/Siren

SIREN Scalable, Isotropic Recursive Column Multimodal Neural Architecture with Device State Recognition Use-Case

Primary LanguageJupyter NotebookMIT LicenseMIT

Siren

SIREN: A Scalable Isotropic Recursive Column Multimodal Neural Architecture with Device State Recognition Use-Case

Table of Contents

Introduction

Effective monitoring of device conditions and potential damage is a critical task in various industries, including manufacturing, healthcare, and transportation. The collection of data from multiple sources poses a challenge in achieving accurate device state recognition due to its complexity and variability. To address this challenge, we propose the use of multimodal data fusion through the combination of modalities, utilizing the concentration phenomenon, to establish appropriate decision boundaries between device state regions. We introduce Siren, a novel supervised multimodal, isotropic neural architecture with patch embedding, which effectively describes device states.

Overview

Problem_Formulation

Figure: A sample instance from Pentostreda that shows the importance of leveraging multimodal data for device state prediction.

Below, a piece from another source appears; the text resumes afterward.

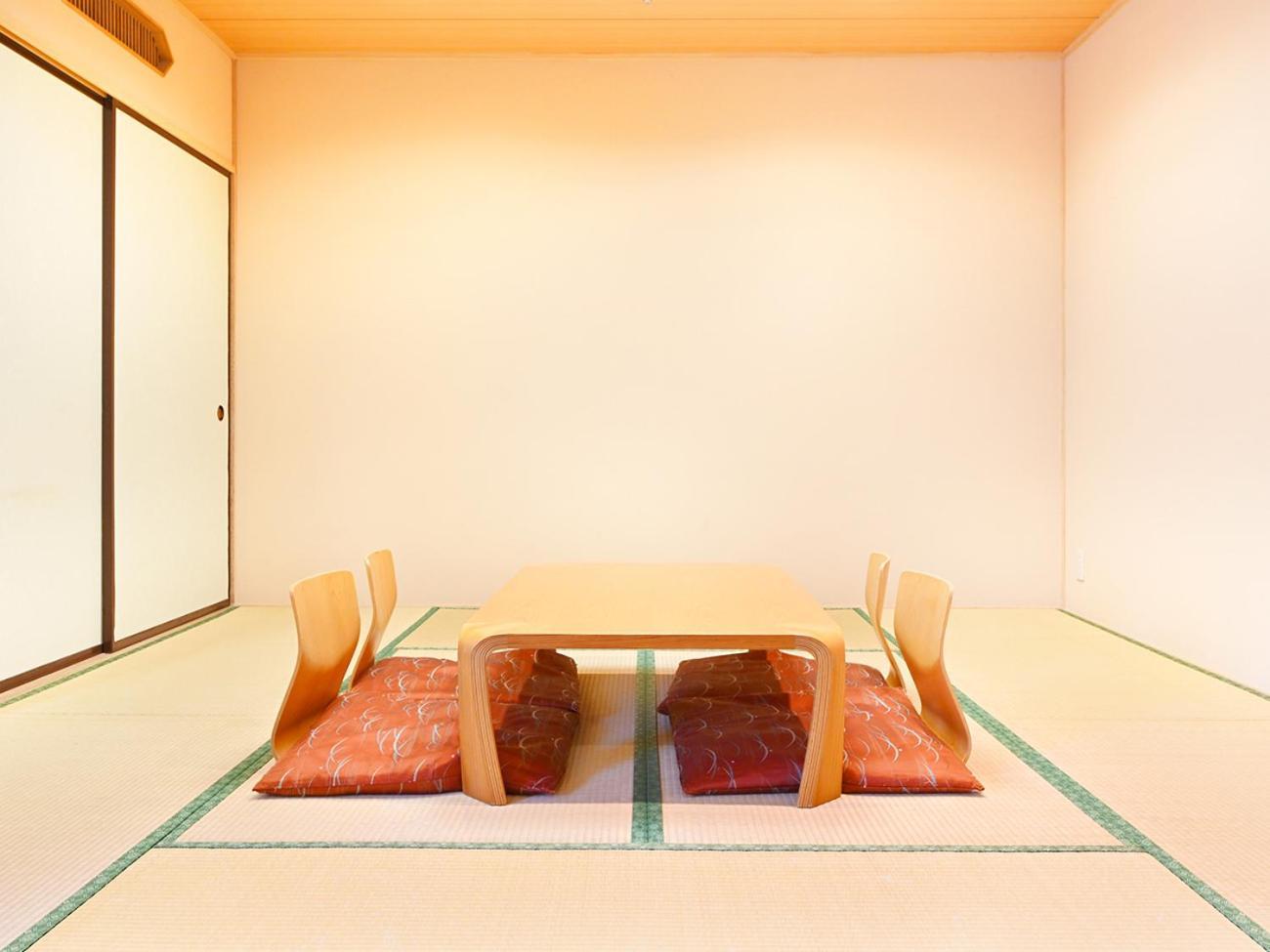 Hotel Abest Sapporo Esterno foto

The Siren uses the linearly embedded patches of the grouped signals, applies the isotropic architecture for representation retrieval, and uses TempMixer recurrent structure to map their temporal dependencies

In section Data section we present the Pentostreda : the publicly available and accessible multimodal device state recognition dataset as a new benchmark for multimodal industrial device state recognition.

Installation

Note that this work requires Python version 3.9 or later.

Install the dependencies from the requirements.txt with:

pip install -r requirements.txt

If you want to run the model on your GPU make sure to follow the installation instructions from Tensorflow.

To run .ipynb files you have to install Jupyter Notebook/JupyterLab.

In order to clone the repository to your local machine use this command

git clone https://github.com/hubtru/Siren.git

Usage

To use this project, follow these steps:

  1. Download the project files to your local machine.
  2. Choose the script that you want to use.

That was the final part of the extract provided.